Argentina assistant manager Pablo Aimar’s eulogy for Lionel Messi’s ability to motivate himself could just as easily be applied to Pogačar: “Messi must think there’s still some little kid who has never seen him play, so he says: ‘Let’s do something special so that kid leaves with a memory.’”
So it was for Pogačar on Sunday. If last week’s time trial was an aberration, then this abnormally dominant victory was ‘normal’ service for Pogačar. A chilling thought.
Evenepoel
All week, there had been mounting speculation that this Worlds might prove to be duel between Pogačar and Evenepoel. They occupied the top two places alright, but after Mont Kigali, they were riding in two very different races.
Nobody, not even Evenepoel himself, can truly say if the result would have been any different had he not broken his saddle ahead of the climb. But it is clear that Evenepoel’s pursuit was hindered by his repeated bike changes, and the race was over as a contest by the time he finally secured a reliable steed for himself.
From there, Evenepoel rode admirably, taking responsibility for the doomed pursuit of Pogačar, slowly toasting the few riders who were able to hold his wheel and then soloing away with 20km to remain.
To paraphrase another sage Argentinian, the World Cup winner turned columnist Jorge Valdano, when Evenepoel rides as courageously as that, he has permission to lose. But his performance was far from flawless, and, in particular, his management of his mechanical mishaps was misguided.
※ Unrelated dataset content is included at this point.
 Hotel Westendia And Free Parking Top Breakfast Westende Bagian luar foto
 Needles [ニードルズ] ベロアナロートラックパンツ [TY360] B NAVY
It’s one thing to be frustrated by repeated bike problems, but electing to stop at the roadside and wait for a replacement machine was the kind of error a rider of Evenepoel’s ambition simply cannot afford to make in a race as punishing as this one.
It’s testament to his ability to reset that he managed to get back into the race at all, but a cooler head in that moment might – might – have brought him a little closer to Pogačar by day’s end.
Evenepoel’s dreams of a rainbow jersey double will have to wait for another year, but he has an immediate rematch with Pogačar at next week’s European Championships in the Drôme-Ardêche.
On the evidence of Kigali, only one outcome looks possible, but that won’t dissuade Evenepoel, who blinked back tears of disappointment and frustration beyond the finish line on Sunday. He was soundly beaten by Pogačar, but still not resigned to that state. An increasing rarity in this era.